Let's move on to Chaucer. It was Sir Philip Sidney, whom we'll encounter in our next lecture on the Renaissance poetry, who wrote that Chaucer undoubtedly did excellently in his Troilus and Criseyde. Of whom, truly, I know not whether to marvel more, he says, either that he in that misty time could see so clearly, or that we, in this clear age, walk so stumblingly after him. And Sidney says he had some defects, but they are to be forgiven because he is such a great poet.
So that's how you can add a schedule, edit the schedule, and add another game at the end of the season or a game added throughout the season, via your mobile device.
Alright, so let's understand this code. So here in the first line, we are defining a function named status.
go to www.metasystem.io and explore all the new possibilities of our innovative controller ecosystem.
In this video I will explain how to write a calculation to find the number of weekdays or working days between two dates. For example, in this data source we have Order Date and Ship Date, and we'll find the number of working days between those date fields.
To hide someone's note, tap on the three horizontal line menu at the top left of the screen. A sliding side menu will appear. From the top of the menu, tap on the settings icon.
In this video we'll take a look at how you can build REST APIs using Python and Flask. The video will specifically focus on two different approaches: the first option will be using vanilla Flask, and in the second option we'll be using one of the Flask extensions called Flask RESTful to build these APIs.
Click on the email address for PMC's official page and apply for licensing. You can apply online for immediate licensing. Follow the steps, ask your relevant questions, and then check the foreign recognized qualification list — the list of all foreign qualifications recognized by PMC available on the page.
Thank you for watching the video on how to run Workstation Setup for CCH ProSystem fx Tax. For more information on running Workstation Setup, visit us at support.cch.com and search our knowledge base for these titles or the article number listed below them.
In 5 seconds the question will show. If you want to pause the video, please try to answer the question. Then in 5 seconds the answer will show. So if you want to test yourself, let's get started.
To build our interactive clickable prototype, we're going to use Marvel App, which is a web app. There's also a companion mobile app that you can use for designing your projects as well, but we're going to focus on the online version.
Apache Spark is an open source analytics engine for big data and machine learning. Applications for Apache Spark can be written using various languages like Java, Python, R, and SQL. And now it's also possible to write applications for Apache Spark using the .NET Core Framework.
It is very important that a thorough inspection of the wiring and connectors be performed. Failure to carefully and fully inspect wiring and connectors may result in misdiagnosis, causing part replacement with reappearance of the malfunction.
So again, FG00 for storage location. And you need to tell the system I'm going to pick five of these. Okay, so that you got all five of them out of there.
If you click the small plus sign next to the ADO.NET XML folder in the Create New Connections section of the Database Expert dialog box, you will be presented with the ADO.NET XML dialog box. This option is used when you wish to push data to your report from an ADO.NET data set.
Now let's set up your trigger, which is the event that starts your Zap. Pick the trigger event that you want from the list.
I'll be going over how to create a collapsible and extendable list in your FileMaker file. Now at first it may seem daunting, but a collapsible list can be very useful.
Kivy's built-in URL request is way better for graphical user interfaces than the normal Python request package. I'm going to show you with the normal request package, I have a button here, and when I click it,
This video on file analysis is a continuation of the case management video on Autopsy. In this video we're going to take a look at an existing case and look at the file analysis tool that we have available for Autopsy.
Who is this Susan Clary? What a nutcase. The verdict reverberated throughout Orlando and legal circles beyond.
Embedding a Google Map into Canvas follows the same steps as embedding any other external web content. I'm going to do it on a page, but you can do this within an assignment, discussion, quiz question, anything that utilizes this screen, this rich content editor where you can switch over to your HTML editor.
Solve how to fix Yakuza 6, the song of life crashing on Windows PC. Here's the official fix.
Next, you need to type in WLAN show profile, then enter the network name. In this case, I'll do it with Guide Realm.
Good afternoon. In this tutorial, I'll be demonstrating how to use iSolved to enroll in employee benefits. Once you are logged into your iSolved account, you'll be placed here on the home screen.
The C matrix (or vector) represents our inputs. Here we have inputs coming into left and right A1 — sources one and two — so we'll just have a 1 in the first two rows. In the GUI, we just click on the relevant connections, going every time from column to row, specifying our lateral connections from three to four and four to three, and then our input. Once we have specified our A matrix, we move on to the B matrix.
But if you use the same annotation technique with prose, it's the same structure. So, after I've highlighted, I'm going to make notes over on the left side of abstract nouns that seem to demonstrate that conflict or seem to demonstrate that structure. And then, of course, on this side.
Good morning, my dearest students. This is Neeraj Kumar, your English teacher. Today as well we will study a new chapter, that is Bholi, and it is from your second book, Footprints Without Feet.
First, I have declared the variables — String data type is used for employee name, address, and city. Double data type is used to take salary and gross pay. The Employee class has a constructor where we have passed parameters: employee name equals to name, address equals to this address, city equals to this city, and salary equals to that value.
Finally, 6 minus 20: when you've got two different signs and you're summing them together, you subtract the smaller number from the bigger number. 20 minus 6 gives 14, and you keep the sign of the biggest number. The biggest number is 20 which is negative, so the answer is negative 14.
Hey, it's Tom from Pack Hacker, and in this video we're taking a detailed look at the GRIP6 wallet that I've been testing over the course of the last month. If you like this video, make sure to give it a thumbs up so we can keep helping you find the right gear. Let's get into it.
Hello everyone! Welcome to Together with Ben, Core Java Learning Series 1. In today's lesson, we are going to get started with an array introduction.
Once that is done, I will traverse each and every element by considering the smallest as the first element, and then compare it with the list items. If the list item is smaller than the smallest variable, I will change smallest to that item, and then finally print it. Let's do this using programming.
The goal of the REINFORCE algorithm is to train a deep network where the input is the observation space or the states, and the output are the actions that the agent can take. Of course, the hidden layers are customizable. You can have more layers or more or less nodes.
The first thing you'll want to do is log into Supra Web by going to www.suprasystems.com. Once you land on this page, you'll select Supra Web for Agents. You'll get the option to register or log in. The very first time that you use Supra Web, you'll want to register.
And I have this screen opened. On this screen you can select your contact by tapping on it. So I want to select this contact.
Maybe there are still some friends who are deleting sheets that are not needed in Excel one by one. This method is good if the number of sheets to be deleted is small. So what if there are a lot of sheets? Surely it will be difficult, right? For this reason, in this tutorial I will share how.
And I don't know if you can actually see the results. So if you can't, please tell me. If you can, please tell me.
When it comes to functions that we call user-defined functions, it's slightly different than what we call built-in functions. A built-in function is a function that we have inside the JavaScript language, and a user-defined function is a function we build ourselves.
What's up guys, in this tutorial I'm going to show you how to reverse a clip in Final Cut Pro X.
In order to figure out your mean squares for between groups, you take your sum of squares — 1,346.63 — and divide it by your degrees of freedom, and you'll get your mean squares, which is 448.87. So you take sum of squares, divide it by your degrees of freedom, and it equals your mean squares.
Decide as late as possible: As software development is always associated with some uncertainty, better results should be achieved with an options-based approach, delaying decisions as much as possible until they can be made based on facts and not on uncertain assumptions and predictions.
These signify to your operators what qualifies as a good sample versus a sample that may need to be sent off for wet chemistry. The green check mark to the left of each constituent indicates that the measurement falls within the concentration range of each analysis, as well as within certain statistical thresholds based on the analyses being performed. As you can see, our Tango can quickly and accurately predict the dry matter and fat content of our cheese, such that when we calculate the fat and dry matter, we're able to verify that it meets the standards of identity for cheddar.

++++++++

__What you need to do__: Transcribe the material exactly as it reads.

__The answer__:
Let's move on to Chaucer. It was Sir Philip Sidney, whom we'll encounter in our next lecture on the Renaissance poetry, who wrote that Chaucer undoubtedly did excellently in his Troilus and Criseyde. Of whom, truly, I know not whether to marvel more, he says, either that he in that misty time could see so clearly, or that we, in this clear age, walk so stumblingly after him. And Sidney says he had some defects, but they are to be forgiven because he is such a great poet.
So that's how you can add a schedule, edit the schedule, and add another game at the end of the season or a game added throughout the season, via your mobile device.
Alright, so let's understand this code. So here in the first line, we are defining a function named status.
go to www.metasystem.io and explore all the new possibilities of our innovative controller ecosystem.
In this video I will explain how to write a calculation to find the number of weekdays or working days between two dates. For example, in this data source we have Order Date and Ship Date, and we'll find the number of working days between those date fields.
To hide someone's note, tap on the three horizontal line menu at the top left of the screen. A sliding side menu will appear. From the top of the menu, tap on the settings icon.
In this video we'll take a look at how you can build REST APIs using Python and Flask. The video will specifically focus on two different approaches: the first option will be using vanilla Flask, and in the second option we'll be using one of the Flask extensions called Flask RESTful to build these APIs.
Click on the email address for PMC's official page and apply for licensing. You can apply online for immediate licensing. Follow the steps, ask your relevant questions, and then check the foreign recognized qualification list — the list of all foreign qualifications recognized by PMC available on the page.
Thank you for watching the video on how to run Workstation Setup for CCH ProSystem fx Tax. For more information on running Workstation Setup, visit us at support.cch.com and search our knowledge base for these titles or the article number listed below them.
In 5 seconds the question will show. If you want to pause the video, please try to answer the question. Then in 5 seconds the answer will show. So if you want to test yourself, let's get started.
To build our interactive clickable prototype, we're going to use Marvel App, which is a web app. There's also a companion mobile app that you can use for designing your projects as well, but we're going to focus on the online version.
Apache Spark is an open source analytics engine for big data and machine learning. Applications for Apache Spark can be written using various languages like Java, Python, R, and SQL. And now it's also possible to write applications for Apache Spark using the .NET Core Framework.
It is very important that a thorough inspection of the wiring and connectors be performed. Failure to carefully and fully inspect wiring and connectors may result in misdiagnosis, causing part replacement with reappearance of the malfunction.
So again, FG00 for storage location. And you need to tell the system I'm going to pick five of these. Okay, so that you got all five of them out of there.
If you click the small plus sign next to the ADO.NET XML folder in the Create New Connections section of the Database Expert dialog box, you will be presented with the ADO.NET XML dialog box. This option is used when you wish to push data to your report from an ADO.NET data set.
Now let's set up your trigger, which is the event that starts your Zap. Pick the trigger event that you want from the list.
I'll be going over how to create a collapsible and extendable list in your FileMaker file. Now at first it may seem daunting, but a collapsible list can be very useful.
Kivy's built-in URL request is way better for graphical user interfaces than the normal Python request package. I'm going to show you with the normal request package, I have a button here, and when I click it,
This video on file analysis is a continuation of the case management video on Autopsy. In this video we're going to take a look at an existing case and look at the file analysis tool that we have available for Autopsy.
Who is this Susan Clary? What a nutcase. The verdict reverberated throughout Orlando and legal circles beyond.
Embedding a Google Map into Canvas follows the same steps as embedding any other external web content. I'm going to do it on a page, but you can do this within an assignment, discussion, quiz question, anything that utilizes this screen, this rich content editor where you can switch over to your HTML editor.
Solve how to fix Yakuza 6, the song of life crashing on Windows PC. Here's the official fix.
Next, you need to type in WLAN show profile, then enter the network name. In this case, I'll do it with Guide Realm.
Good afternoon. In this tutorial, I'll be demonstrating how to use iSolved to enroll in employee benefits. Once you are logged into your iSolved account, you'll be placed here on the home screen.
The C matrix (or vector) represents our inputs. Here we have inputs coming into left and right A1 — sources one and two — so we'll just have a 1 in the first two rows. In the GUI, we just click on the relevant connections, going every time from column to row, specifying our lateral connections from three to four and four to three, and then our input. Once we have specified our A matrix, we move on to the B matrix.
But if you use the same annotation technique with prose, it's the same structure. So, after I've highlighted, I'm going to make notes over on the left side of abstract nouns that seem to demonstrate that conflict or seem to demonstrate that structure. And then, of course, on this side.
Good morning, my dearest students. This is Neeraj Kumar, your English teacher. Today as well we will study a new chapter, that is Bholi, and it is from your second book, Footprints Without Feet.
First, I have declared the variables — String data type is used for employee name, address, and city. Double data type is used to take salary and gross pay. The Employee class has a constructor where we have passed parameters: employee name equals to name, address equals to this address, city equals to this city, and salary equals to that value.
Finally, 6 minus 20: when you've got two different signs and you're summing them together, you subtract the smaller number from the bigger number. 20 minus 6 gives 14, and you keep the sign of the biggest number. The biggest number is 20 which is negative, so the answer is negative 14.
Hey, it's Tom from Pack Hacker, and in this video we're taking a detailed look at the GRIP6 wallet that I've been testing over the course of the last month. If you like this video, make sure to give it a thumbs up so we can keep helping you find the right gear. Let's get into it.
Hello everyone! Welcome to Together with Ben, Core Java Learning Series 1. In today's lesson, we are going to get started with an array introduction.
Once that is done, I will traverse each and every element by considering the smallest as the first element, and then compare it with the list items. If the list item is smaller than the smallest variable, I will change smallest to that item, and then finally print it. Let's do this using programming.
The goal of the REINFORCE algorithm is to train a deep network where the input is the observation space or the states, and the output are the actions that the agent can take. Of course, the hidden layers are customizable. You can have more layers or more or less nodes.
The first thing you'll want to do is log into Supra Web by going to www.suprasystems.com. Once you land on this page, you'll select Supra Web for Agents. You'll get the option to register or log in. The very first time that you use Supra Web, you'll want to register.
And I have this screen opened. On this screen you can select your contact by tapping on it. So I want to select this contact.
Maybe there are still some friends who are deleting sheets that are not needed in Excel one by one. This method is good if the number of sheets to be deleted is small. So what if there are a lot of sheets? Surely it will be difficult, right? For this reason, in this tutorial I will share how.
And I don't know if you can actually see the results. So if you can't, please tell me. If you can, please tell me.
When it comes to functions that we call user-defined functions, it's slightly different than what we call built-in functions. A built-in function is a function that we have inside the JavaScript language, and a user-defined function is a function we build ourselves.
What's up guys, in this tutorial I'm going to show you how to reverse a clip in Final Cut Pro X.
In order to figure out your mean squares for between groups, you take your sum of squares — 1,346.63 — and divide it by your degrees of freedom, and you'll get your mean squares, which is 448.87. So you take sum of squares, divide it by your degrees of freedom, and it equals your mean squares.
Decide as late as possible: As software development is always associated with some uncertainty, better results should be achieved with an options-based approach, delaying decisions as much as possible until they can be made based on facts and not on uncertain assumptions and predictions.
These signify to your operators what qualifies as a good sample versus a sample that may need to be sent off for wet chemistry. The green check mark to the left of each constituent indicates that the measurement falls within the concentration range of each analysis, as well as within certain statistical thresholds based on the analyses being performed. As you can see, our Tango can quickly and accurately predict the dry matter and fat content of our cheese, such that when we calculate the fat and dry matter, we're able to verify that it meets the standards of identity for cheddar.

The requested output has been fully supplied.